A la tête du département de recherche et développement d'une grande compagnie sans scrupules, Ted a du succès... et une conscience. Et cela ne fait pas toujours bon ménage ! Il adore son boulot, sa boss Veronica, et ses collègues, Lem, Phil et Linda, mais parfois il se demande si son boulot mérite de passer outre certaines valeurs. Surtout quand on lui demande de créer une dinde suicidaire, de concevoir un métal capable de rebondir ou de cryogéniser un collègue pour les besoins d'une expérience.
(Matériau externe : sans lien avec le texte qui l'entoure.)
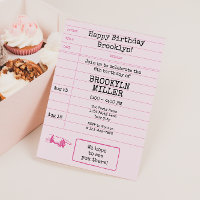 Girls Pink Bookbook Club Library Card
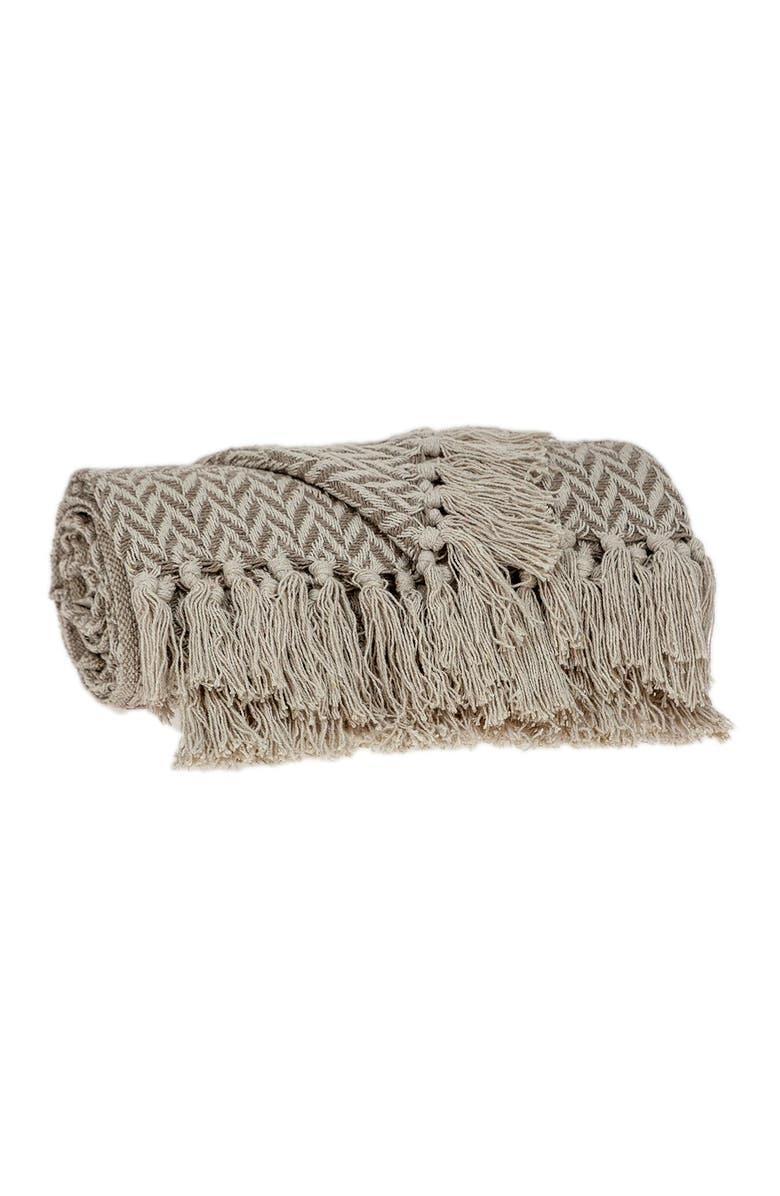 PARKLAND COLLECTION Alma Transitional Brown 52" x 67" Woven Handloom Throw, Alternate, color, Brown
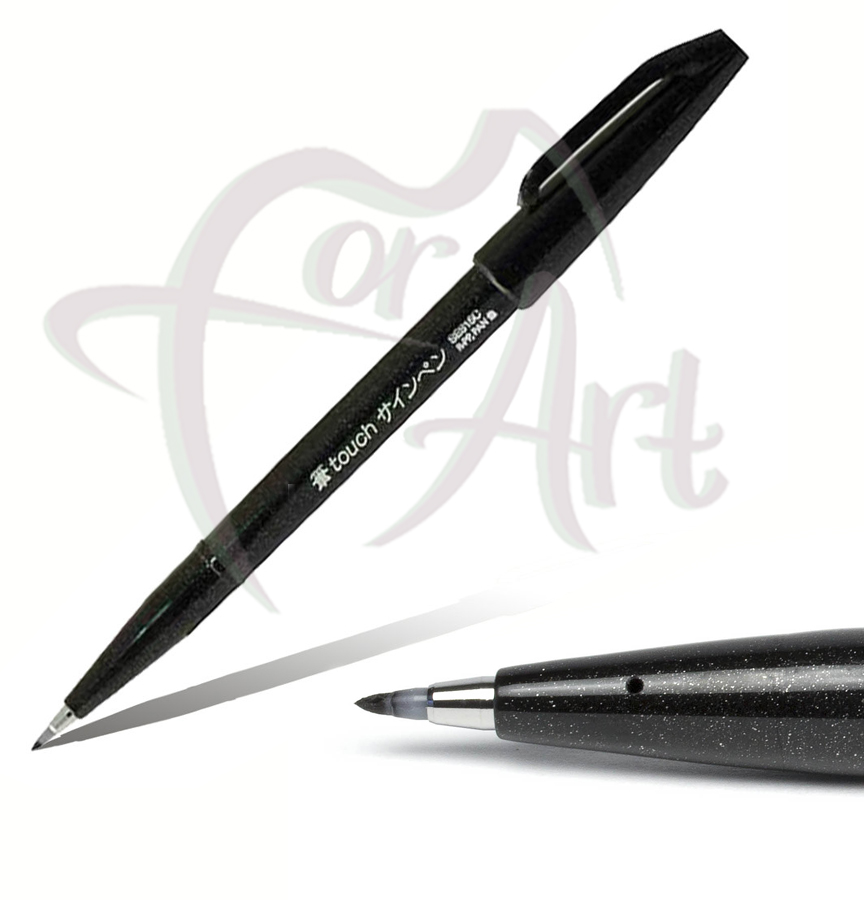 Фломастер-кисть для скетчей на водной основе Pentel Brush Sign Pen- черный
Il ya des jours où Ted se pose des questions, vraiment... (AlloCiné)

Who's Who ?

Le héros, Ted, est interprété par le craquant Jay Harrington, que l'on a pu voir dans la saison 2 de Desperate Housewives, c'était le médecin amoureux de Susan, mais aussi récemment dans Private Practice, une façon pour ABC de le tester, ou encore dans Coupling, The Inside et Summerland (ce qui est déjà moins glorieux s'agissant de cette dernière). Il est parfait dans ce nouveau rôle, son jeu est fluide et sobre, et sa voix (off) n'est pas agaçante du tout. Veronica est incarnée par la toujours excellente Portia de Rossi, surtout connue pour ses rôles de Lindsay Bluthe dans Arrested Development et de Nelle Porter dans Ally McBeal. On passera sous silence son rôle vraiment pas intéressant dans la saison 5 de Nip/Tuck. Une fois encore, elle joue le rôle d'une beauté froide très bitchy. Ca lui va à ravir, pourquoi se priver ? Et puis on retrouve également Andrea Anders (The Class, Joey), Jonathan Slavin (Summerland encore) et Malcolm Barrett. On voit moins ces trois-là dans le pilote mais quand on les voit, ils sont bons. Linda est un personnage un peu fade cependant.   

So What ?

Voilà un pilote extrêmement convaincant, qui ne se perd pas en conjecture puisqu'il entre directement dans le vif du sujet, et qui nous plonge instantanément dans l'univers unique de la série grâce à un narrateur habité, drôle et concis ! Le pitch de la série pouvait laisser présager quelque chose d'un peu prise de tête mais il n'en est rien ! C'est léger, frais et intelligent. On sent bien que derrière toute cette fantaisie se cache en filigrane une critique acerbe de la société de consommation, du capitalisme et de ces grandes entreprises qui n'ont aucun respect pour leurs employés. C'est bien vu mais ça ne tombe pas forcément au bon moment avec la crise que nous vivons actuellement. Est-ce que les téléspectateurs auront envie de voir une version drôlatique du quotidien de leur vie professionnelle ? Pas sûr. Car Better Off Ted, c'est un peu la rencontre entre The Office, comédie de bureau multi-récompensée, et... Arrested Development pour l'esprit bien décalé. C'est typiquement le genre de sitcom qui sera adorée par certains téléspectateurs et critiques et incomprise par une grande partie du public, car dérouté par ce ton presque anglais, très loin de celui des sitcoms traditionnels. On retrouve cependant quelques éléments plus "classiques" comme les histoires de cul du bureau, la petite fille intello qui semble mieux connaître la vie que son père et puis dans l'ensemble, les personnages sont attachants à travers leurs petites failles. ABC a fait là un joli pari mais au vu des audiences, Ted ne fera pas long feu ! Dommage.